**Problem to work on**
Transcribe every line below exactly; no image goes into the output.

**The data**
--------------------------------------------------

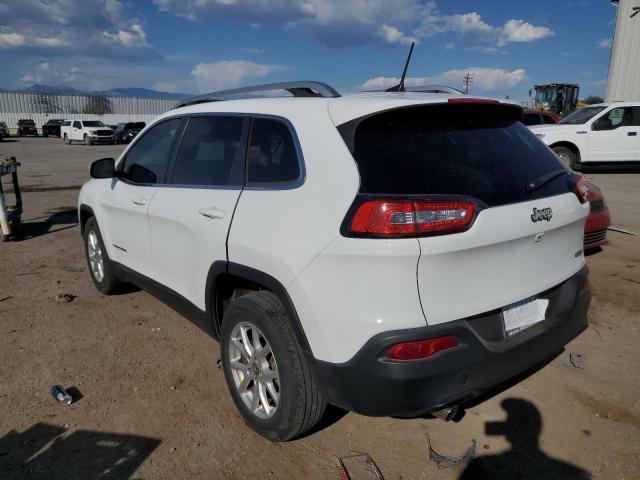 2017 JEEP CHEROCKEE 1C4PJLCB6HD236490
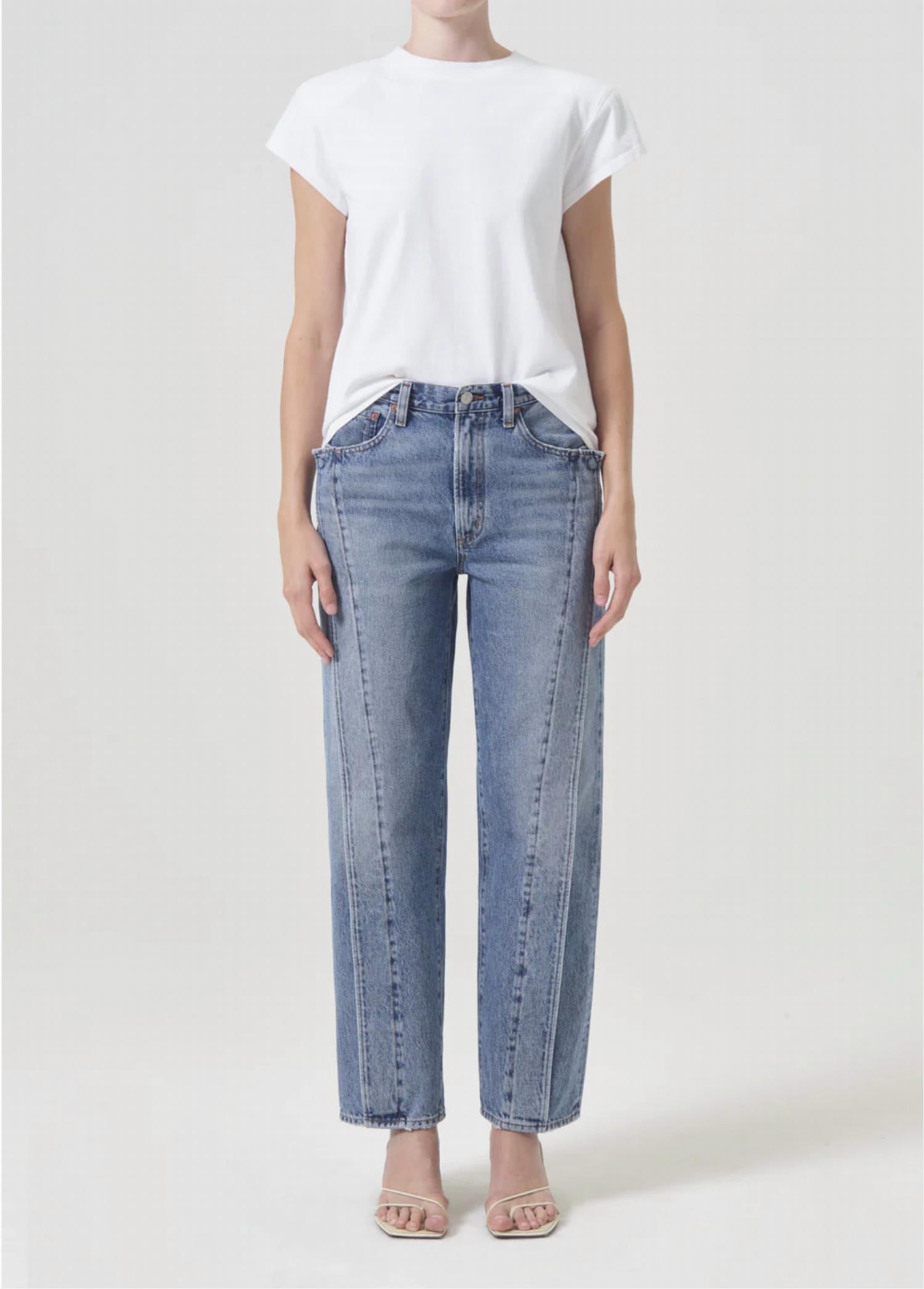Agolde - Fold Jean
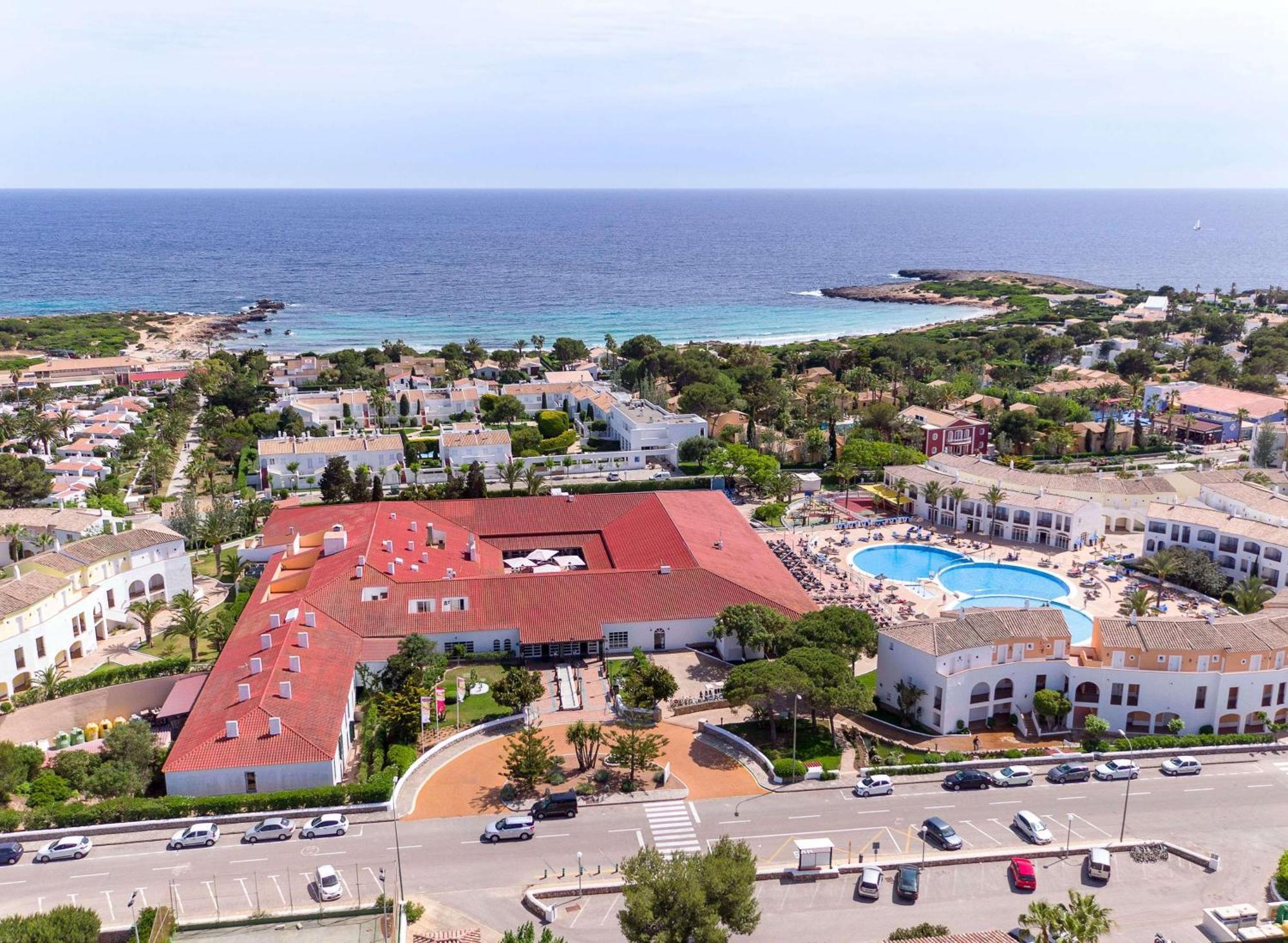 Sol Falco Menorca Son Xoriguer Εξωτερικό φωτογραφία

--------------------------------------------------

**Your response**
 2017 JEEP CHEROCKEE 1C4PJLCB6HD236490
Agolde - Fold Jean
 Sol Falco Menorca Son Xoriguer Εξωτερικό φωτογραφία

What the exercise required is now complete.